My own work has suffered very much from the incurable intellectualism of my approach. The simple, emotional appeal ("Come to Jesus") is still often successful. But those who, like myself, lack the gift for making it, had better not attempt it. (918)
The trouble about writing satire is that the real world always anticipates you, and what were meant for exaggerations turn out to be nothing of the sort. (937)
I had much rather know what I should feel like if I adopted the beliefs of Lucretius than how Lucretius would have felt if he had never entertained them. The possible Lucretius in myself interests me more than the possible C. S. Lewis in Lucretius. ... You must, so far as in you lies, become an Achaean chief while reading Homer, a medieval knight while reading Malory, and an eighteenth century Londoner while reading Johnson. Only thus will you be able to judge the work "in the same spirit that its author writ." (955)

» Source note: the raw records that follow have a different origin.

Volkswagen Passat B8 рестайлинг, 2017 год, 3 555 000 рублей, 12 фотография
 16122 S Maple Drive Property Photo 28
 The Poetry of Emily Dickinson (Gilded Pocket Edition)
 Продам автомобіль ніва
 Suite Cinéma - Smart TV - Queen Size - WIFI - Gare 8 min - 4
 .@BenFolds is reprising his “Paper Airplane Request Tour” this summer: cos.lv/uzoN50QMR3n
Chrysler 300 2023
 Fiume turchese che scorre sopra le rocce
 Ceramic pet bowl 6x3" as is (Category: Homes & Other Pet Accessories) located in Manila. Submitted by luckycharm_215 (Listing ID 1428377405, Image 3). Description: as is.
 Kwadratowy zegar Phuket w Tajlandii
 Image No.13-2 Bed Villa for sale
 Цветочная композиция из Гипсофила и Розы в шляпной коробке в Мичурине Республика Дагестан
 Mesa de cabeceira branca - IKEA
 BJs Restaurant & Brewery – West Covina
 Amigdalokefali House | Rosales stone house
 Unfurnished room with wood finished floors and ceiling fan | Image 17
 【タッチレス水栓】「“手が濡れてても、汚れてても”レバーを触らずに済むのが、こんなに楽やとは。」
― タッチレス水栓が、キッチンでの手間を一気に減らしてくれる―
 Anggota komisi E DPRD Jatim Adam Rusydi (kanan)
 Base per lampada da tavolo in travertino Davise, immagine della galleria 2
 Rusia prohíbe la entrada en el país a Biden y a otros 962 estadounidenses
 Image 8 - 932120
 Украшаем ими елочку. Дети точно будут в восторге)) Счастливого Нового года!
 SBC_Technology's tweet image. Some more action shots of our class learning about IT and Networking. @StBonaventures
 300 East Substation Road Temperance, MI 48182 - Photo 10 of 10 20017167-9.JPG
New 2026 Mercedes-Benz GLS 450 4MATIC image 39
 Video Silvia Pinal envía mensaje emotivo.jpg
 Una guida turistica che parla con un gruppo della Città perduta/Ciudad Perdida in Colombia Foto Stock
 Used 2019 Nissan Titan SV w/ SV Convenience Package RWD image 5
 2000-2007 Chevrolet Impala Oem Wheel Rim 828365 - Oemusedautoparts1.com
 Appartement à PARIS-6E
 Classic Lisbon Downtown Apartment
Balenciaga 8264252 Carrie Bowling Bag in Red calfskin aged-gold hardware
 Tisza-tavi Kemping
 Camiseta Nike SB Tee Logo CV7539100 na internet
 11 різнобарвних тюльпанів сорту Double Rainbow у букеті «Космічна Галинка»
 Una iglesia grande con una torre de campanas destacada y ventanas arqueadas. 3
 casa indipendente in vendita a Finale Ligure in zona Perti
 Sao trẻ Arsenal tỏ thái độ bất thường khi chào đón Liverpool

Would that our modern writers felt the same way! Especially in television series and books for young people, there's a deplorable tendency to set a story in past times but give the characters—or at least the good, wise, and appealing characters—21st century beliefs and attitudes.
One of the great uses of literary history is to keep on reminding us that while man is constantly acquiring new powers he is also constantly losing old ones. (969)
The true aim of literary studies is to lift the student out of his provincialism by making him "the spectator," if not of all, yet of much, "time and existence." The student, or even the schoolboy, who has been brought by good (and therefore mutually disagreeing) teachers to meet the past where alone the past still lives, is taken out of the narrowness of his own age and class into a more public world. ... "History" alone will not do, for it studies the past mainly in secondary authorities. It is possible to "do History" for years without knowing at the end what it felt like to be an Anglo-Saxon eorl, a cavalier, and eighteenth-century country gentleman. The gold behind the paper currency is to be found, almost exclusively, in literature. (971)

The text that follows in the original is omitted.